Troubleshoot applications based on slow and failed traces - Application Real-Time Monitoring Service

In a production environment, application exceptions, such as the sudden increase in the response time and error rates of applications, have various reasons, including uneven traffic, instance failures, program exceptions, and dependency failures. Comprehensive performance optimization is required before an application is released or a promotion is implemented. Performance bottlenecks need to be identified, and the interfaces or components that often fail or consume excessive time need to be optimized. This topic describes how to use slow and failed traces to troubleshoot failed and slow calls and locate performance bottlenecks.

Prerequisites

An Application Real-Time Monitoring Service (ARMS) agent is installed for the application. For more information, see Application Monitoring overview.
The new ARMS console is used.

Use the demo of the new ARMS console

Demo

Troubleshoot failed calls based on failed traces

Step 1: Identify the time period

Log on to the ARMS console. In the left-side navigation pane, choose Application Monitoring > Application List.
On the Application List page, select a region in the top navigation bar and click the name of the application that you want to manage.
Note
If the icon is displayed in the Language column, the application is connected to Application Monitoring. If a hyphen (-) is displayed, the application is connected to Managed Service for OpenTelemetry.
In the top navigation bar, click the Trace Explorer tab.
Note
The Trace Explorer tab is available in the new ARMS console. For information about how to use the new console, see the Prerequisites section.
As shown in the following figure, some HTTP errors occurred in the sample application mall-gateway between 15:20 and 15:28.
Use the preceding time range for troubleshooting.

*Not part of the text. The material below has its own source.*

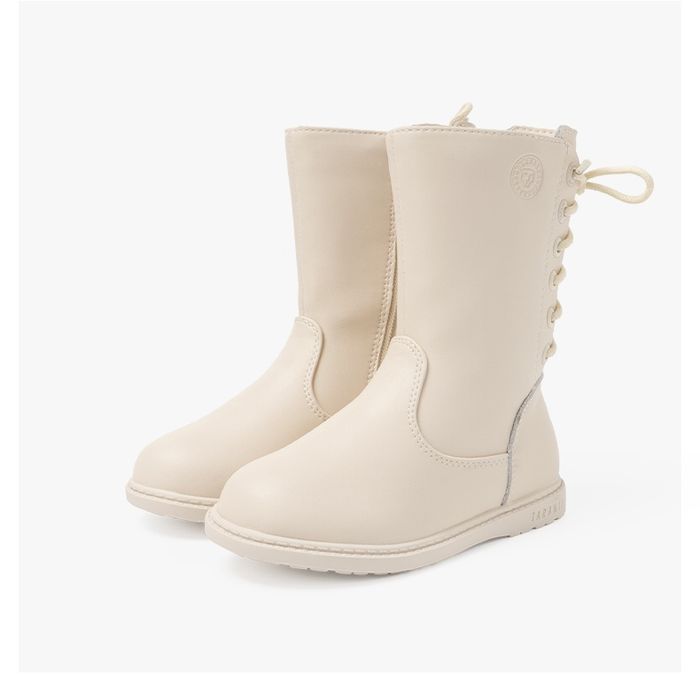 Богино түрүйтэй гутал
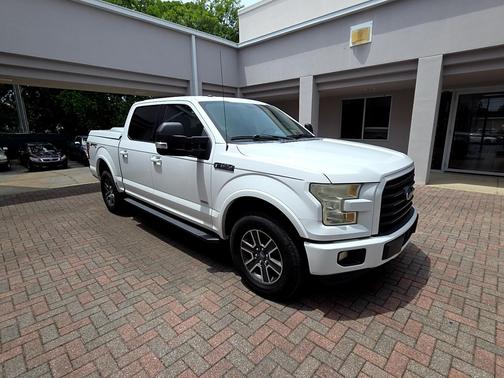 Oxford White 2015 Ford F-150 XLT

Step 2: Locate the interfaces or components

As shown on the Wrong/slow Trace analysis tab, the failed traces are mainly concentrated in the /components/api/v1/mall/product interface, and the error code 500 was returned for these traces.

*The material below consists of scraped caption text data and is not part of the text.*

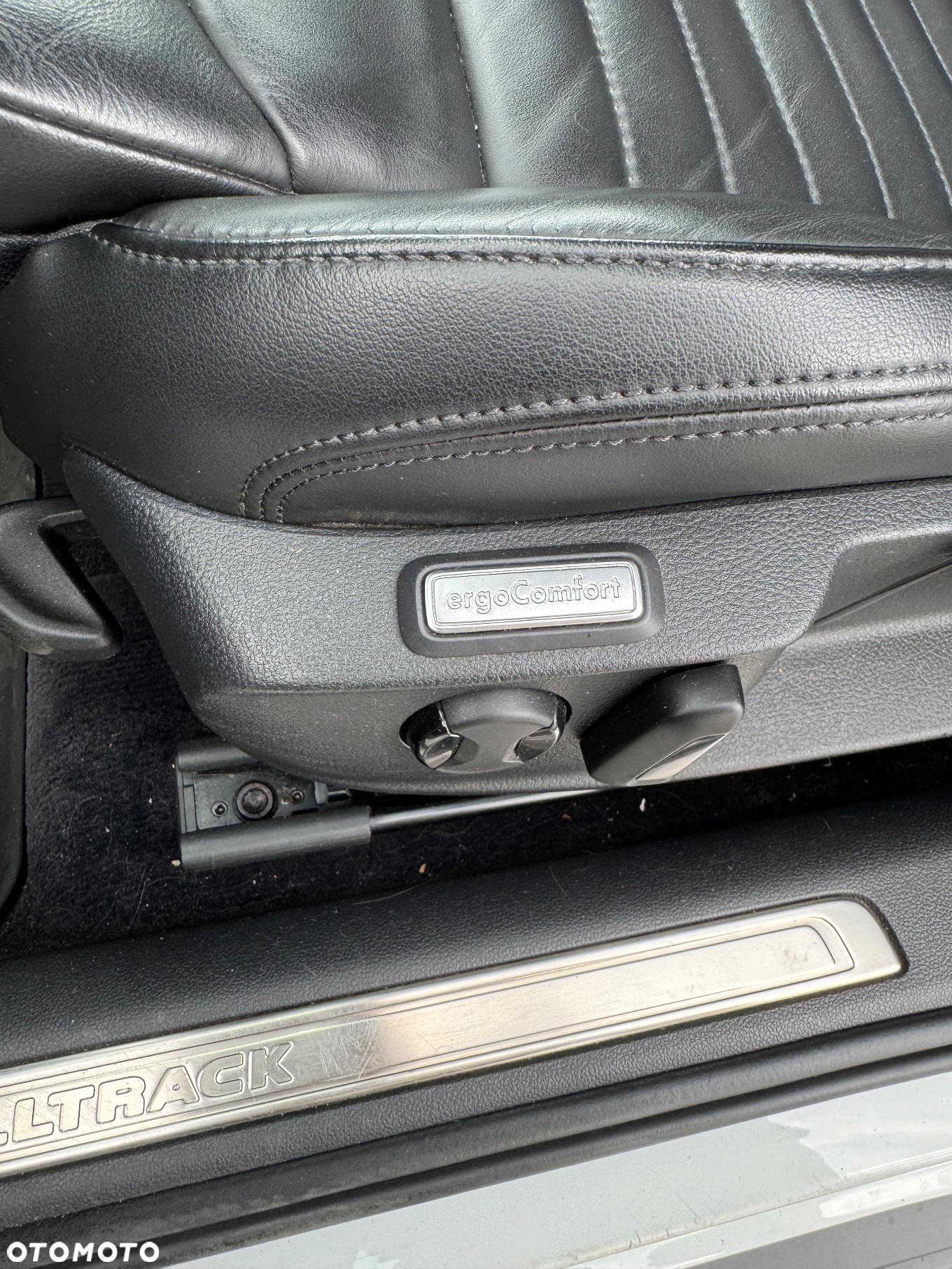 Volkswagen Passat Alltrack 2.0 TDI SCR 4Motion DSG - 24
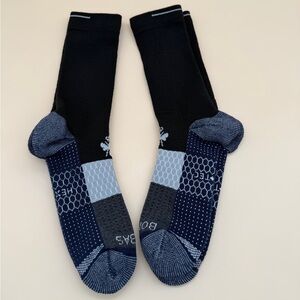 Bombas Unisex Hex Tec Crew Socks Black grey Navy Medium 2 Pairs 🔥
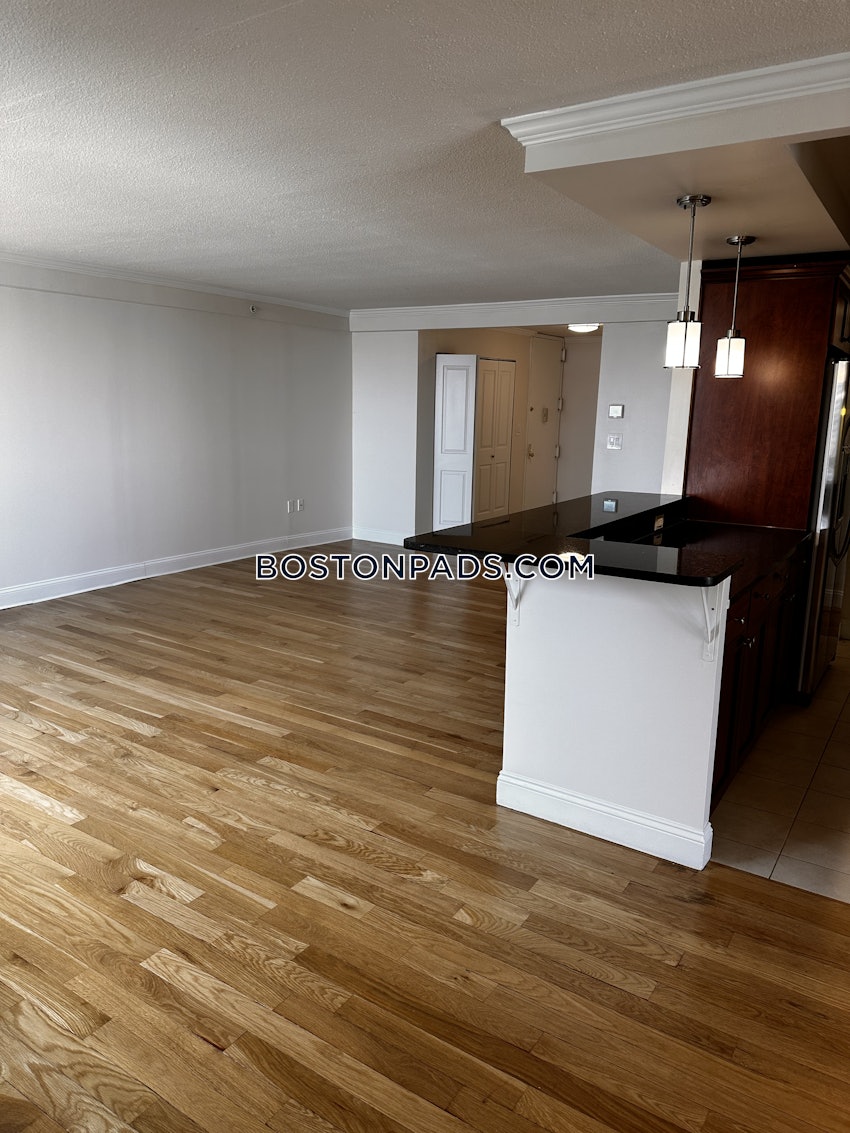 BOSTON - WEST END - 3 Beds, 2.5 Baths - Image 7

Troubleshoot the/components/api/v1/mall/product interface

In the spanName chart, click spanName: /components/api/v1/mall/product.
The serviceName="mall-gateway" AND spanName="/components/api/v1/mall/product" filter condition is automatically added.
As shown in the query results, all the traces related to the /components/api/v1/mall/product interface failed.
On the List tab, find a trace and click Details in the Actions column to view the trace details.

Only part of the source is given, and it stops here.